Secretary Schütte concluded by offering a summary of some of the questions that drive Germany. First, it seems sensible to compare “best practice”
examples for various specific fields. What solutions and which models work, for example, in energy policy and energy research? What can the countries learn from one another in policy design?
Second, he said, the countries face similar unresolved challenges on many issues, including patenting, network neutrality, electro-mobility, and bio-medicine. “It seems meaningful to ask: What is the state of affairs?
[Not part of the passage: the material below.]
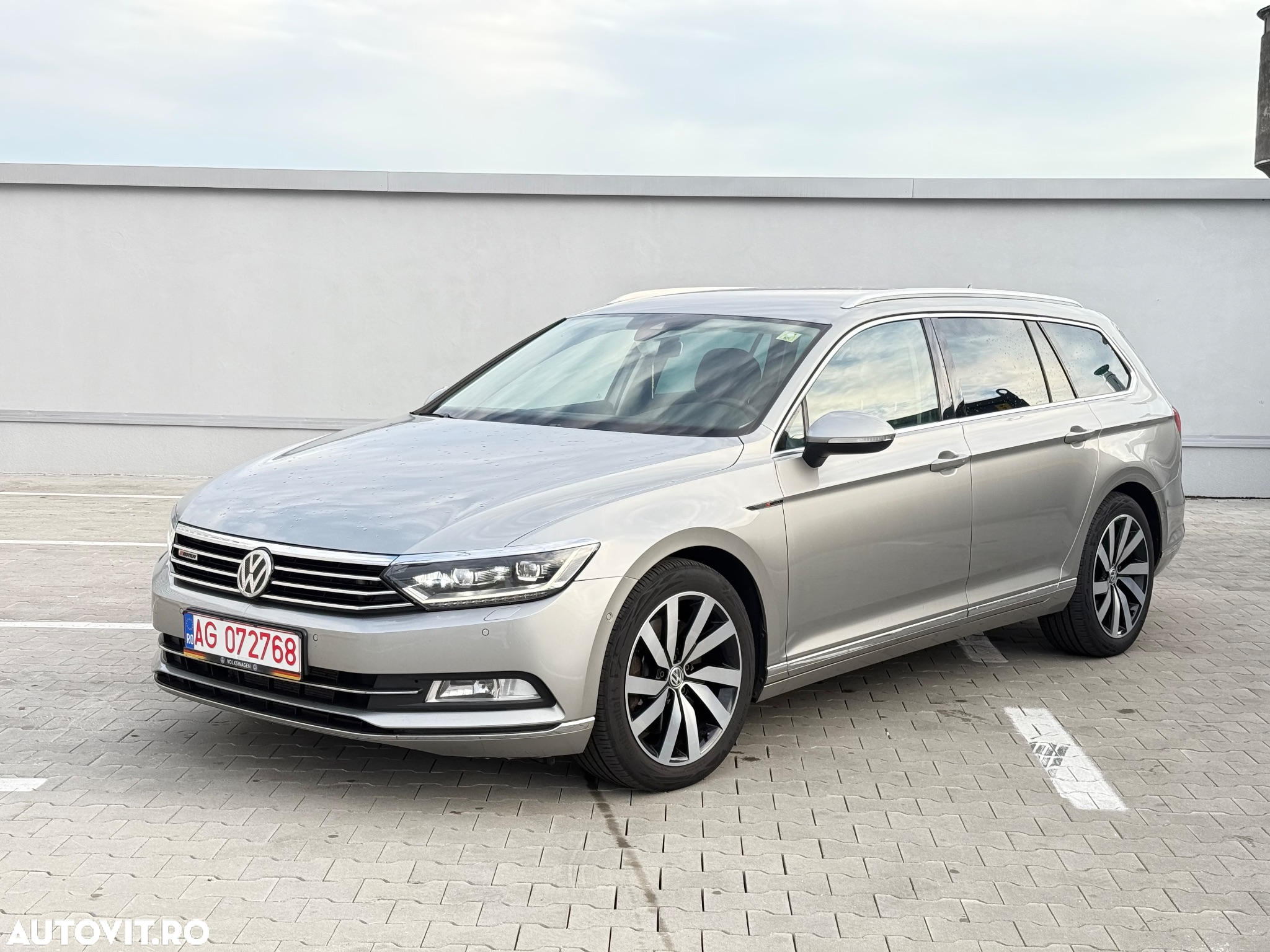 Volkswagen Passat Variant 2.0 BiTDI 4Mot DSG Highline - 25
How can we compare them? What can we learn from each other?”
Finally, he asked, “where can we succeed through increased cooperation to tap into common potentials?” For example, he suggested, both countries share an interest in using renewable energy as efficiently as possible. In such areas, there may be not only common technological interests, but also common political challenges and goals. “If we share a consensus that education, research, and development are so important that they should take precedence over other policy areas, how can we convince our political representatives? How can we convince the public that it is important, despite the need for fiscal restraint, to spend more money in this area than in other areas?”
Secretary Schütte recalled President Obama’s State of the Union address, in which he said “we need to out-innovate, out-educate, and out-build the rest of the world.” If that is correct, he said, it will require individual countries to find parts of the answer. But it will also require cooperation among those nations to find the full set of answers and implement them together. “It’s this combination of competition and cooperation that will lead us forward,” he concluded, urging participants to keep this in mind throughout the symposium: “Where can we cooperate? How can we cooperate in such a way that competition will help us move forward?”